Kaikhosro (also spelled Kay Khusrau, Kai Khusraw; ) (January 1, 1674 – September 27, 1711), of the House of Bagrationi, was a titular king (a Persian-appointed wali) of Kartli, eastern Georgia, from 1709 to 1711. He reigned in absentia since he served during the whole of this period as a Persian commander-in-chief in what is now Afghanistan.

Biography 
Kaikhosro was the son of Prince Levan, and accompanied his father during the service in the Safavid Empire. Since 1703, Kaikhosro himself served on high posts in the Persian administration, including being a darougha (prefect) of the capital city of Isfahan and a naib (deputy) to the divanbeg (chief justice). On the death of his uncle, Gurgin Khan (George XI), in 1709, he was confirmed as a wali/king of Kartli and a sipah-salar (commander-in-chief) of the Persian armies in what is now Afghanistan, and granted Tabriz and Barda in possession. He spent the whole of this period in field, and Kartli was administered by his brother Vakhtang.

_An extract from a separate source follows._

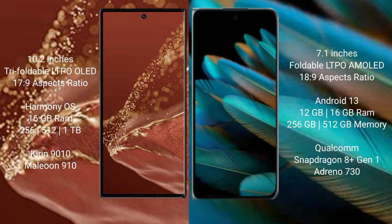The Huawei Mate XT Ultimate runs on the HarmonyOS operating system. The Oppo Find N2 runs on the ColorOS 13 operating system.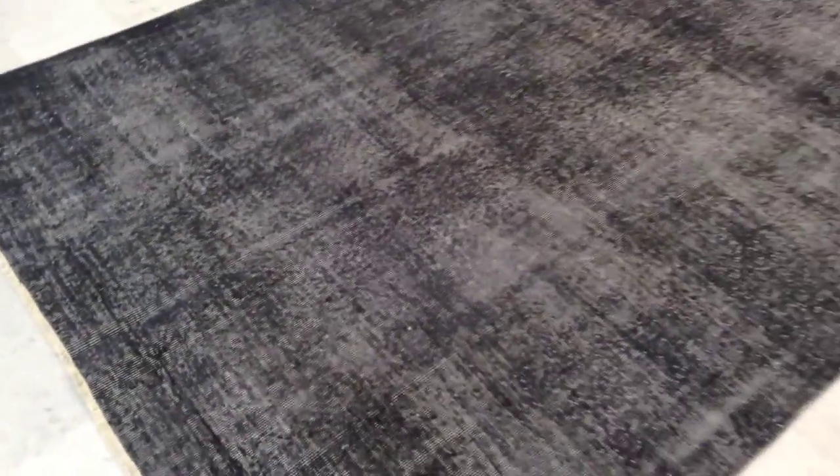If you have any questions about this carpet or any other carpet, we would be happy to assist you.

In November 1709, Kaikhosro led a new Persian–Georgian army, supported by contingents from Khorasan, Herat, and Kerman, against the Afghans after Gurgin Khan was exterminated by Mir Wais Hotak, a rebel chieftain of the Ghilzai. Kaikhosro's efforts to take Kandahar, however, were in vain. A fragile truce ensued, but in the summer of 1711 the hostilities were resumed. Kaikhosro forced the rebels to withdraw within the walls of Kandahar city which was placed under siege. However, the position of the besiegers soon became precarious due to attacks by the Balochs. The fighting took life of the Georgian prince Alexander. On October 26, 1711, Kaikhosro ordered a retreat from the city. The Afghans attacked the retreating army and won a crushing victory; Kaikhosro was killed when he fell off his horse and his entire army of 30,000 soldiers (of whom only some 700 escaped) was annihilated.

Family 
Kaikhosro was married to Ketevan, the daughter of a man named Giorgi. Her surname is not known. In the 1720s, she followed the royal family of Kartli in their flight to the Russian Empire, where she was known as the tsaritsa Ekaterina Igoriyevna (). She died in Moscow on 3 May 1730 and was buried at the Greek Church of St. Nicholas in Kitaigorod.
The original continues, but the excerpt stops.